Você deve estar se perguntando como isso acontece. É simples. Basta observar as capas de alguns jornais populares do Brasil. Eles quase sempre dão preferência às matérias de entretenimento ou de violência. Ou aparecem fotos de mulheres seminuas ou manchetes de crimes bárbaros. Sem contar a diagramação das fotos e dos títulos das matérias, que é uma miscelânea de cores.

Essas são formas comuns e práticas de atingir esse público-alvo. Danilo Angrimani , em seu livro Espreme que sai sangue, afirma que o sensacionalismo usa o fait divers como carro-chefe nas manchetes de capa e assim, consegue toda a atenção dos leitores:

‘O fait divers, como informação auto-suficiente, traz em sua estrutura imanente uma carga suficiente de interesse humano, curiosidade, fantasia, impacto, raridade, humor, espetáculo, para causar uma tênue sensação de algo vivido no crime, no sexo e na morte.
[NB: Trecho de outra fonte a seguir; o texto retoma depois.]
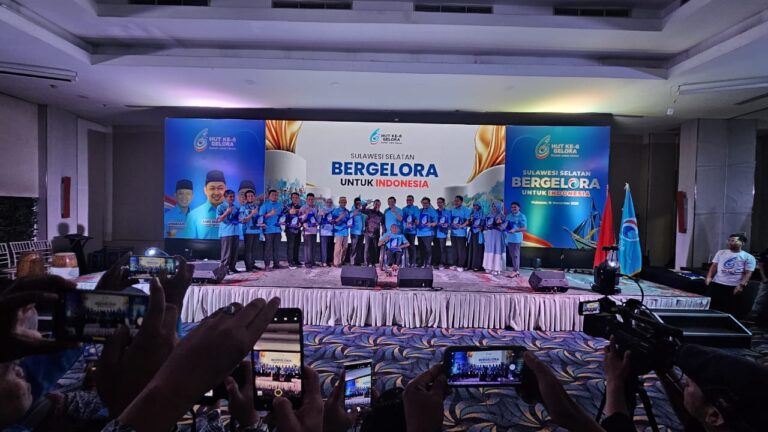 Soroti Pemilu 2029, Anis Matta: Bersiaplah Hadapi Krisis Besar!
Conseqüentemente, provoca impressões, efeitos e imagens (que estão comprimidas nas formas de valorização gráfica, visual, espacial e discursiva do fato-sensação). A intenção de produzir o efeito de sensacionalismo no fait divers visa atrair o leitor pelo olhar na manchete que anuncia um acontecimento produzido, jornalística ou discursivamente, para ser consumido ou reconhecido como espetacular, perigoso, extravagante, insólito, por isso, atraente’.

Popular, mas irresponsável?

Preste atenção em alguns jornais populares. O Notícias Já , de Campinas (SP) e região, pode ser um exemplo. A disposição das matérias e das fotos na capa é feita de maneira equilibrada e organizada. Contudo, fotos de mulheres com roupas sensuais chamam a atenção na página, como aconteceu na edição de 12 de setembro. A manchete: ‘Gata faz manha pra tirar de novo a roupa para a Playboy ‘, com o nome da revista enfatizado em cor laranjado se destaca. Mas o antetítulo dessa manchete é pior: ‘Aceita, vai…’, como se incentivasse o público a implorar a exposição do corpo da modelo.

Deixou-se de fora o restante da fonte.